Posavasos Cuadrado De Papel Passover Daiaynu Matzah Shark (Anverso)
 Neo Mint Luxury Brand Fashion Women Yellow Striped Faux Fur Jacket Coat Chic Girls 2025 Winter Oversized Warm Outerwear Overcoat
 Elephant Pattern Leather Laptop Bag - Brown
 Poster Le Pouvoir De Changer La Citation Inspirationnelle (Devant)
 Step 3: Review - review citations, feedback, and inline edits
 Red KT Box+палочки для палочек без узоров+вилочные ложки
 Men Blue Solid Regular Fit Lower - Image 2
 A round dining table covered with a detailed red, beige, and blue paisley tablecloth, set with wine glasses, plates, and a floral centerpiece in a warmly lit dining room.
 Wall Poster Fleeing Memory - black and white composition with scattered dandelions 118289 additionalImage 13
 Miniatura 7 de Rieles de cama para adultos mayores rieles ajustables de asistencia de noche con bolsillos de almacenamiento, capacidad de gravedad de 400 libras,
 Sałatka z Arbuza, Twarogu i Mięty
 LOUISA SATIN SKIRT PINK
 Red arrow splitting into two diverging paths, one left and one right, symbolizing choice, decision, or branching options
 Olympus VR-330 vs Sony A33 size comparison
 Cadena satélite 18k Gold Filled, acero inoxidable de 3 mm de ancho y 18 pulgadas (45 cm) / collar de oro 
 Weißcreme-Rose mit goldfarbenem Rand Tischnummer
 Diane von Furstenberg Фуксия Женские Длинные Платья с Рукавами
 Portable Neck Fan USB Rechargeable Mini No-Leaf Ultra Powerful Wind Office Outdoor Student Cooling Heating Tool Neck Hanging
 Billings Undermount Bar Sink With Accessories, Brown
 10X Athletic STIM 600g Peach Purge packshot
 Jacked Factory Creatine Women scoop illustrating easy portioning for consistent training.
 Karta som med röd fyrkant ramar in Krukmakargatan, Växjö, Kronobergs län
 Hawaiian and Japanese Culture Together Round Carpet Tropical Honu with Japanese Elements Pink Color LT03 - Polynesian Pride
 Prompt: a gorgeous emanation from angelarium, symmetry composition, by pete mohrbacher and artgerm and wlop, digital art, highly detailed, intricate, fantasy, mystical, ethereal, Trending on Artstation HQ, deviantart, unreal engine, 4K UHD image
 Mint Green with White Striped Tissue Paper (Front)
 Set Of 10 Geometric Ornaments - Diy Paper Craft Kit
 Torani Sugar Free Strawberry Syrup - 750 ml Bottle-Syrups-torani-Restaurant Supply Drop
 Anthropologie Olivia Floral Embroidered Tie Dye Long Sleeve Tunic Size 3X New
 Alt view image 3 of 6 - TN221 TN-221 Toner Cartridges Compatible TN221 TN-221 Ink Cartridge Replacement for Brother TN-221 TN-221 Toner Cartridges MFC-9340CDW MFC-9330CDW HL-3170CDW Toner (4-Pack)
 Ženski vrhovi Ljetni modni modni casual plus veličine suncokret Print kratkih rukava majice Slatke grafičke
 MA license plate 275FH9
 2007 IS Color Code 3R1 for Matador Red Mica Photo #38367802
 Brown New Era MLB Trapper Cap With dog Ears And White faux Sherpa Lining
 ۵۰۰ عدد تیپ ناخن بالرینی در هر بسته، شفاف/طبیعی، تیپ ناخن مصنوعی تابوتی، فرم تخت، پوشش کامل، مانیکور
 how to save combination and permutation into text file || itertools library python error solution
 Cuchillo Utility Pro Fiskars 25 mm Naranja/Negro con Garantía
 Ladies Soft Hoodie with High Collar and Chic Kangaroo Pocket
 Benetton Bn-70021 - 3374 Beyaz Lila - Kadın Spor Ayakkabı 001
■ ■ ■ ■ ■ ■ ■
Your objective: Lines before the one containing "Cuchillo Utility Pro" are left out. Repeat that line and all lines after it in the records above exactly.

Solution to this problem:
 Cuchillo Utility Pro Fiskars 25 mm Naranja/Negro con Garantía
 Ladies Soft Hoodie with High Collar and Chic Kangaroo Pocket
 Benetton Bn-70021 - 3374 Beyaz Lila - Kadın Spor Ayakkabı 001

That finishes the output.